Heads of State and Government,
Here we are again six months after the Fukushima disaster. This should firstly be an opportunity for all of us to pay tribute to the courage of the Japanese, to their capacity to endure, to their tremendous dignity, and to the way in which they managed a major crisis.
But 6 months after Fukushima, Mr. Secretary-General, the international community should hold the right debate. The question is not "nuclear energy or no nuclear energy." Everyone is free to choose their own energy mix. But who can say that, given the unprecedented demand for energy around the world, we can do without nuclear energy, the only energy source that will allow us to honor our commitments with respect to reducing greenhouse gas emissions?
A country like Japan, which does not have any oil, which does not have any gas - do you think that one of the largest economies in the world will be able to function just with solar and wind energy?
The demand for energy, that’s the key to growth and development.

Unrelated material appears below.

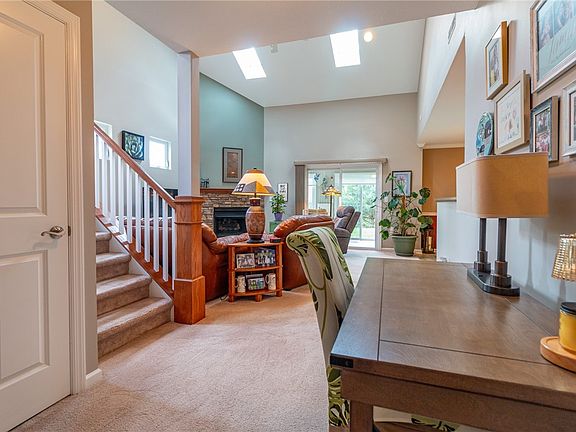 5th image of 425 Chestnut Ln
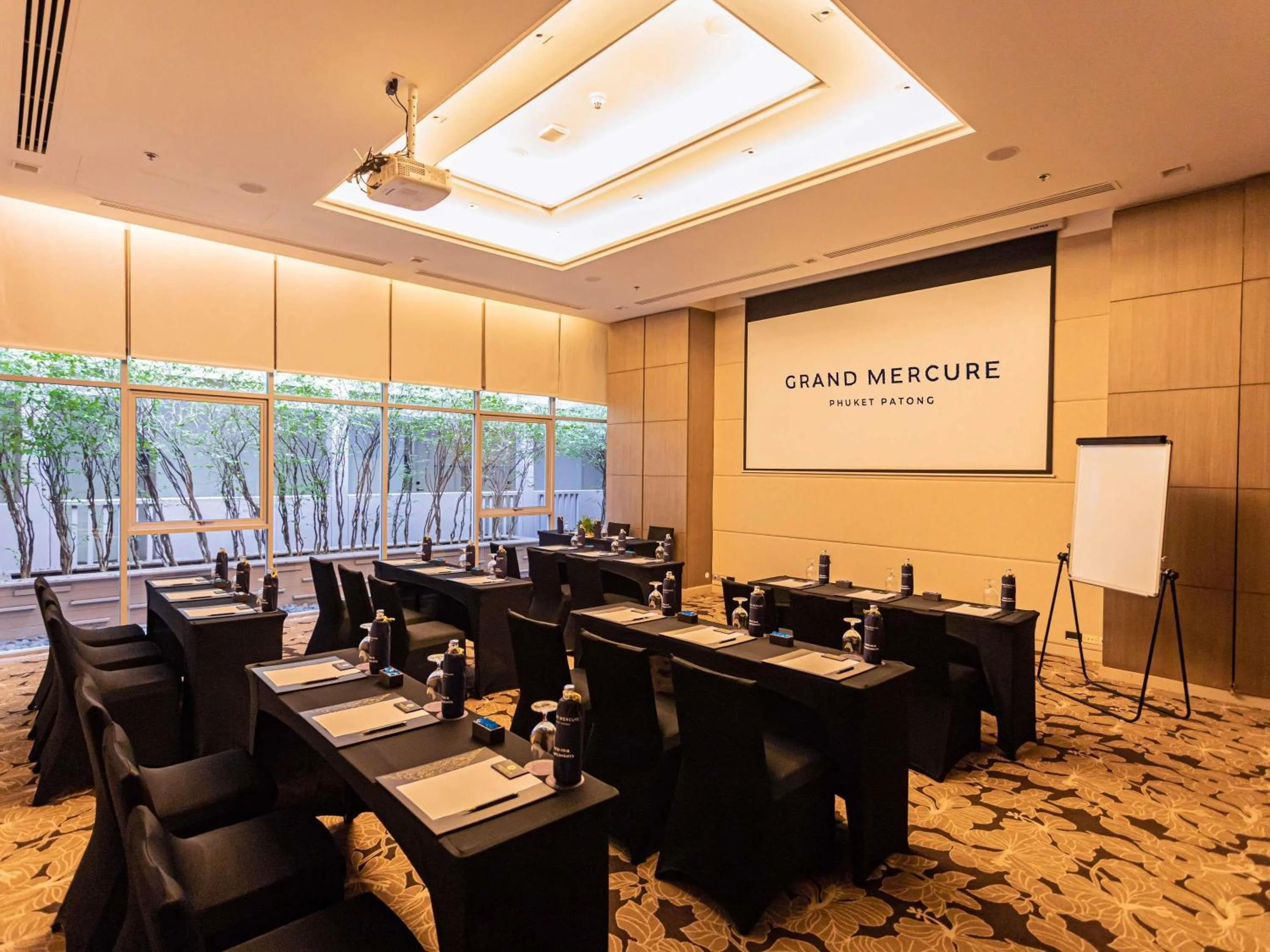 Meeting/conference room in Grand Mercure Phuket Patong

The real question isn’t "nuclear energy or no nuclear energy" it’s "how safe can we make nuclear energy"? That’s what we should be focusing all our efforts on.
And I’d like to make a few comments.
The first, Mr. Secretary-General, is that it’s now foolish to think that it’s easier for the international community to start monitoring a military nuclear facility than a civilian nuclear facility. That’s the first anomaly. Nuclear energy for military purposes poses considerable problems, but civilian nuclear energy also poses problems in terms of safety.
France argues that all countries that have access to civilian nuclear energy - and we believe that all countries have the right to have access to civilian nuclear technology - should firstly establish their own independent nuclear safety authority. France has one. That hasn’t always been the case.
To all countries that want to develop civilian nuclear energy, we want to say, "it’s only possible if your citizens know that, thanks to an independent supervisory body, the safety criteria will be the best possible."
The second proposal we’d like to make relates to the rapid intervention force. When there’s a nuclear accident, borders can’t contain it. The rapid intervention force doesn’t call the national sovereignty of countries into question. The rapid intervention force is essential to nuclear safety.
Third comment: a regional as well as global skills development center must be established. Nuclear technology, nuclear safety technology must be developed throughout the world.
Lastly, France argues in favor what’s referred to as the peer review system. Mr. Secretary-General, I know that a number of countries prefer a voluntary review system. France would be prepared to accept a mandatory review system. Why? Because nuclear energy must go hand in hand with the highest level of safety. It’s not nuclear energy or safety, it’s nuclear energy and safety. And to ensure safety, we must have a mandatory peer review system, a training center, a rapid intervention force and an independent authority.
Ladies and gentlemen, this is what France would like to contribute to your debates.